Protect confidential information

  • Protect the confidential information of BMO’s customers, suppliers, and fellow employees (past, present and prospective). Confidential information means all information that isn’t public. Comply with all laws that concern collecting, using, disclosing, keeping, disposing of and allowing access to confidential information.
  • BMO may monitor personal banking, investment and loan accounts, systems and applications that store and transmit information (servers, networks, email, etc.), as well as personal mobile devices approved for business, to identify inappropriate behaviour or activity.


Meet these requirements

  • Protect personal information — obey all privacy laws and BMO policies on customer and employee personal information.
  • Protect confidential commercial information – Appropriately manage information that is protected by contractual terms and confidentiality or non-disclosure agreements.
  • Using and disclosing customer and employee information — use and disclose this information only for the specific purpose for which it was collected. Always get consent before using or disclosing an individual’s information unless BMO already has an individual’s consent or unless otherwise permitted by law.
  • Accessing customer and employee information — access customer and employee information in BMO systems or other media only for legitimate business purposes. Keep customer and employee information strictly confidential and use or disclose it only under the terms of BMO’s policies and procedures.
  • Disclosing BMO Information — do not disclose non public information to anyone except under the terms of BMO’s Disclosure Corporate Policy. Only authorized spokespersons may disclose material information about BMO. Ask authorized spokespersons to respond to any inquiries you receive, including those from the investment community or media. Authorized spokespersons must ensure that every public disclosure is full, factual, accurate, understandable, timely, objective, relevant, broadly disseminated and consistent with BMO’s Disclosure Corporate Policy, as well as any legal requirements.
  • Reporting material BMO information — communicate all developments, facts or changes you are aware of that could reasonably be material to public disclosures of BMO information by following the escalation processes detailed in BMO’s Disclosure Corporate Policy.
  • Ensuring information security — be alert to external security threats to BMO information and information entrusted to us. Don’t put this information at risk. Maintain information security in our workplace and when working off-site. When using the web, browse safely to protect yourself and BMO against criminals seeking to breach our security. Use email encryption to keep confidential and highly sensitive information secure (i.e., add [PROTECT] to the subject line) and retain and dispose of information in the correct manner. Report suspicious e-mail to BMO’s IsItSafe service.
  • Managing information — comply with our policies and procedures to ensure the accuracy, completeness and proper maintenance of records, data and information BMO owns, creates, collects, uses and manages, in all types of media. You must:
    • Know how long to keep records, especially those for any pending, threatened or foreseeable investigation, audit, regulatory examination or legal proceeding.
    • Remember that others may review any record you create, including email messages.

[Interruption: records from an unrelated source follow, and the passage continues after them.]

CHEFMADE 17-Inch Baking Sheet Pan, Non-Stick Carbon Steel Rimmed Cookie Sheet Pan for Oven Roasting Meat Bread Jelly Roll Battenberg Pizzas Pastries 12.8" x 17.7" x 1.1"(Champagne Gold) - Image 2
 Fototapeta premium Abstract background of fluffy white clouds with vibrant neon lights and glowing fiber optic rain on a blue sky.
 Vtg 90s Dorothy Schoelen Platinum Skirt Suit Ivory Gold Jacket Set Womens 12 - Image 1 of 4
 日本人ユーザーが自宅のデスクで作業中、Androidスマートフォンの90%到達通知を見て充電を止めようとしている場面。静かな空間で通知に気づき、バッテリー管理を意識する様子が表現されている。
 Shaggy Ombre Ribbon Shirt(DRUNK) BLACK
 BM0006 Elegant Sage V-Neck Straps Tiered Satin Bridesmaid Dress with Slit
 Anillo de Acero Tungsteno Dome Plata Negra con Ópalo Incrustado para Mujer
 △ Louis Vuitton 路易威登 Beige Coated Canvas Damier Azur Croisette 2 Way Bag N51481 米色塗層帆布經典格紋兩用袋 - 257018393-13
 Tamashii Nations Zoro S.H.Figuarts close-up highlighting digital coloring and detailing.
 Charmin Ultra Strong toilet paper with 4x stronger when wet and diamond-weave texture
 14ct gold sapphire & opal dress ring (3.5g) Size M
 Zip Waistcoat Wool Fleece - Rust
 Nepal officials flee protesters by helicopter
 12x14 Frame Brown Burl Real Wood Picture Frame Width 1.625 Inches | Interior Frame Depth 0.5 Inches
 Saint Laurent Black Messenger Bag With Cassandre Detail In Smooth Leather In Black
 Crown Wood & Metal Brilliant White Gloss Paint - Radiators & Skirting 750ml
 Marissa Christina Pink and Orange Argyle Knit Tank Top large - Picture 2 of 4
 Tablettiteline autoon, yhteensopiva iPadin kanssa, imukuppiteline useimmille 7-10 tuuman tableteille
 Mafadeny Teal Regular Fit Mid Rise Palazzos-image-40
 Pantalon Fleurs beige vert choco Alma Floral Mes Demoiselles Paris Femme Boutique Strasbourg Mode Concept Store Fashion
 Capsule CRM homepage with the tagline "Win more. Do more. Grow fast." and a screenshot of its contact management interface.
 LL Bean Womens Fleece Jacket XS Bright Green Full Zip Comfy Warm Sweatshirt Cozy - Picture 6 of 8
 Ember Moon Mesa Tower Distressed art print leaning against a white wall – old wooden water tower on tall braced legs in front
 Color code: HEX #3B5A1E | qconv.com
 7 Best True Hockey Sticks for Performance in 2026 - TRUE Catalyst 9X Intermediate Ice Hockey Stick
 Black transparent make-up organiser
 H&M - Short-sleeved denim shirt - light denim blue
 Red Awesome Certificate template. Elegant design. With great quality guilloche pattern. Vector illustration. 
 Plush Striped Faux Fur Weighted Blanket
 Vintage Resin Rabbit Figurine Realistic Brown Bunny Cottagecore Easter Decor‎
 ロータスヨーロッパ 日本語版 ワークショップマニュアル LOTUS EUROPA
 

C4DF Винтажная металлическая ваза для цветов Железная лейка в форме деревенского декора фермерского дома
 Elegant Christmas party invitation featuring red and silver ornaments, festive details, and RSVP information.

Protect and respect BMO property

  • Protect & respect BMO’s intellectual property rights (patents, copyright, trademarks and trade secrets) which encompass everything you are hired to do and everything you create using BMO data, BMO confidential information, or BMO resources.
  • Use BMO property (such as telephones, voicemail, faxes, computer networks, email and instant and text messaging) only for legitimate business purposes. Keep the nature and extent of any personal use of such property reasonable and consistent with BMO policies, including the Code. Do not install unauthorized software or storage devices on BMO-owned computers and devices.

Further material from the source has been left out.